True to Leo’s word, their breakfast was out of the oven in ten minutes and plated on their dining table within another two. Another fifteen minutes later, all three plates were licked clean, rinsed off, and placed in the dishwasher.

“Now what?” asked Cassie. It was the first time since college that all three of them had the weekend off, thanks to Cassie’s and Leo’s travel-heavy jobs with weird, weird schedules. Usually they’d spend the stolen moments they had ‘catching up,’ as well as lamenting the fact that they didn’t have more time, but now that they actually did have more time? It was much harder to come up with things to do as tired adults who could no longer spend hours getting drunk and roaming around the Bay Area.

“We could play some—” Matthieu started.

Cassie cut him off. “Don’t you dare say ‘Marry-oh’ Kart.”

“That’s how it’s pronounced!” Matthieu protested. “Mario.”

“Not in America, your grace,” said Leo. “Or in Italy.

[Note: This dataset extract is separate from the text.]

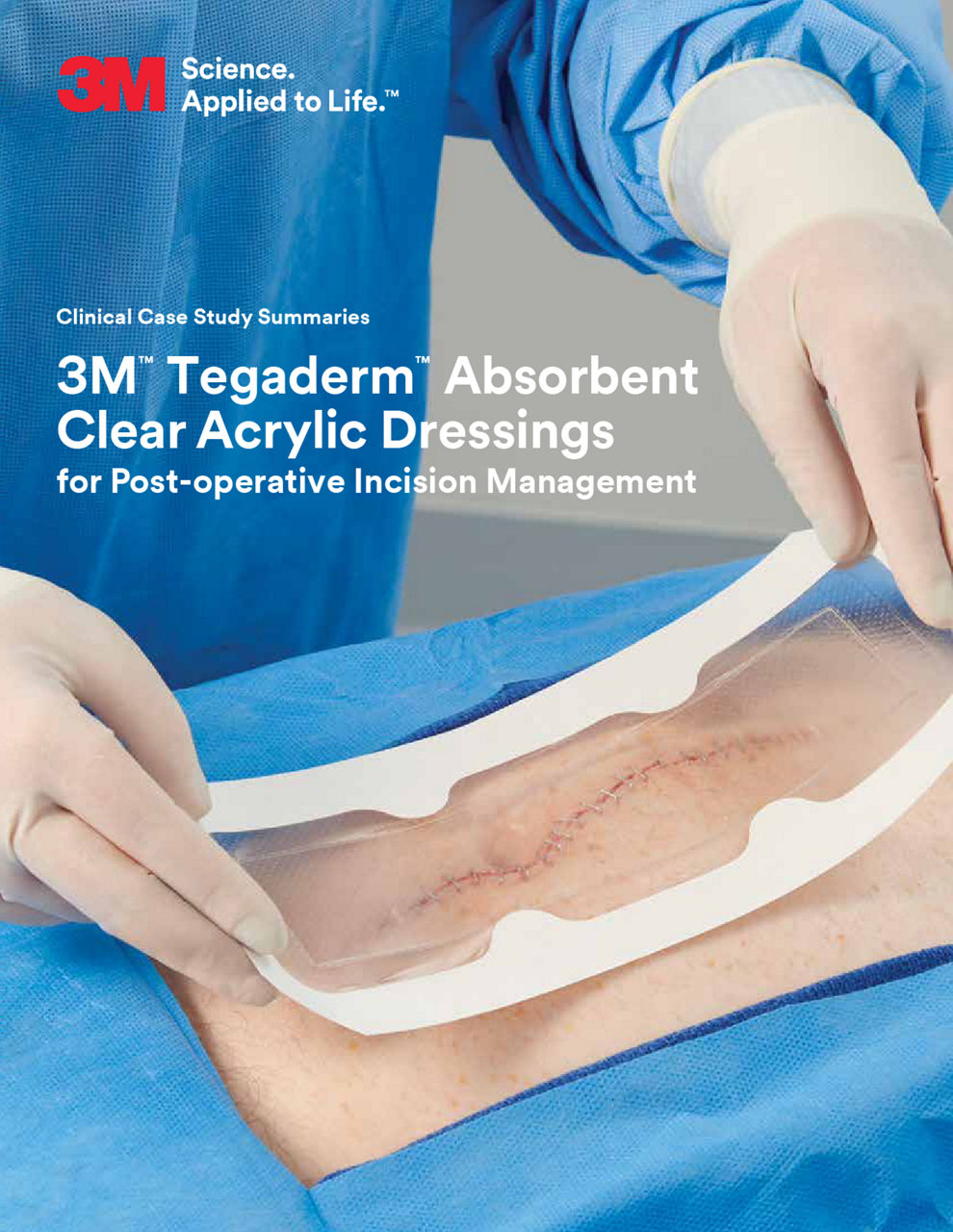 3M™ Tegaderm™ Absorbent Clear Acrylic Dressing Clinical Case Summary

Have some respect for my ancestors!”

Matthieu snorted. “You can’t speak a word of the language, and your family has lived in the States for…how many generations?”

“I’m not really in a gaming mood,” Cassie said quickly, before Leo could get himself worked up for a rant about his Italian-American community back in Boston. “Why don’t we just do nothing? I actually mean ‘nothing,’ not a euphemism,” she added with a pointed look at Matthieu.

“What, laze around in bed all day?” Leo asked skeptically. “That sounds…pretty nice, actually,” he conceded.

“I’ll put on a podcast; you grab whatever book you’re reading; Matty,” Cassie glanced at her watch, “probably wants to go back to sleep. We can just vibe.”

“I’m down,” Matthieu said. “I’m not going back to sleep, but I’m down.”

They settled back into their bed, Cassie on the left with earbuds and nail polish, Leo in the middle with some historical romance novel, and Matthieu on the right with his sketchbook and pencils. Once in a while, Cassie or Leo would let out a laugh or make some sort of noise, then share why. Matthieu sketched silently, shifting whenever he started to feel uncomfortable. Eventually, he ended up flat on his back, sketchbook and pencils on top of the covers between Leo and himself.

Matthieu snuggled into his pillow and drifted off to sleep, smiling, as his partners quietly chatted beside him.